Section 10 Factor Analysis

Factor Analysis can be viewed as an extension of Multivariate Regression (determining a mean effect) and Principal Component Analysis (dimension reduction). However it seeks to answer a different question: whether the data is consistent with groups of highly correlated variables being modelled as one by introducing new “common factor” variables (Johnson, Wichern, and others (2014), Section 9.1, page 481).

Below I have reproduced some of the key results for the Orthogonal Factor Model. In keeping with Johnson, Wichern, and others (2014), I do not consider Factor Models with Oblique/non-orthogonal factors.

Analysis

The orthogonal factor model has a similar form to a Multivariate Linear Regression Model. The matrix of loadings $L$ performs the role of the model parameters $\beta$ , the vector $F$ performs the role of the independent/explanatory variables and $\mu$ the role of the intercept term in the design matrix.

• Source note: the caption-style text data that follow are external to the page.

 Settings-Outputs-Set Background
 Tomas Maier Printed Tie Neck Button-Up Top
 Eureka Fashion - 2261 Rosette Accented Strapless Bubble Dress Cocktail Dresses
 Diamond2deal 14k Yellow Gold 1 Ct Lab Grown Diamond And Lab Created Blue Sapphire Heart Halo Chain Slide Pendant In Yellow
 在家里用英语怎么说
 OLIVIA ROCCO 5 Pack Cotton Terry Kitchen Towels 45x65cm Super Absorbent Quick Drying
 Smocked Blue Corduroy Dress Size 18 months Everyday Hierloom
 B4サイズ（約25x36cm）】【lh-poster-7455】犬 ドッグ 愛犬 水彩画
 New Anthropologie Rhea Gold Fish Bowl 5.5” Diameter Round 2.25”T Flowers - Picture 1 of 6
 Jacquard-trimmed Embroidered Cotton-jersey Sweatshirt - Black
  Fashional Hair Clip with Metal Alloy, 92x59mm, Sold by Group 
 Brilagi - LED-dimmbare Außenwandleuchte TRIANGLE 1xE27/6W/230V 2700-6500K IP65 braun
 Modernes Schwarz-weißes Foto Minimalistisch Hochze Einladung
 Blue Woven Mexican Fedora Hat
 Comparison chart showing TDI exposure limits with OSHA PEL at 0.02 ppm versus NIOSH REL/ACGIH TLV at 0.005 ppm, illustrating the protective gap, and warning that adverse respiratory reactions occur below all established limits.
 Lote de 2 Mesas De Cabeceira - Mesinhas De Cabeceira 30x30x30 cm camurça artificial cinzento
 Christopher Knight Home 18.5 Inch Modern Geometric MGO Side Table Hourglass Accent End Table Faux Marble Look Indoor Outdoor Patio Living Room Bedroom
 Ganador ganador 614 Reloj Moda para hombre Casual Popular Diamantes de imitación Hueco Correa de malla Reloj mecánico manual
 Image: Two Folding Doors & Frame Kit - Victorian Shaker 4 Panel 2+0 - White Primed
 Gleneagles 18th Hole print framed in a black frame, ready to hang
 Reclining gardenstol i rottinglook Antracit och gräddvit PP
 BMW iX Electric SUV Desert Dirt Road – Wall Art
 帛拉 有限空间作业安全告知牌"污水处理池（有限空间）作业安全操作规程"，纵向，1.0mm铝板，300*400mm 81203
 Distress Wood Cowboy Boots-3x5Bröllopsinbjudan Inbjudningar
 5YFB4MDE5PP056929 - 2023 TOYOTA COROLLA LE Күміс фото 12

The key difference is that the “explanatory variables” or “factor scores” $F$ are not directly observable and are treated as a random variable. This change results in additional assumptions being made. Namely that the components of the Factor Scores are have zero expectation and are uncorrelated with the error terms and also between themselves.

(see Johnson, Wichern, and others (2014), Section 9.2, page 483)

Definition 10.1 (Orthogonal Factor Model with m Common Factors) $\underset{(p \times 1)}{X}=\underset{(p \times 1)}{\mu}+\underset{(p \times m)}{L}\underset{(m \times 1)}{F}+\underset{(p \times 1)}{\epsilon}$

where $\mu_{i}$ is the mean of variable i, $\epsilon_{i}$ is the ith specific factor, $F_{j}$ the jth common factor and $l_{ij}$ the loading of ith variable on jth factor.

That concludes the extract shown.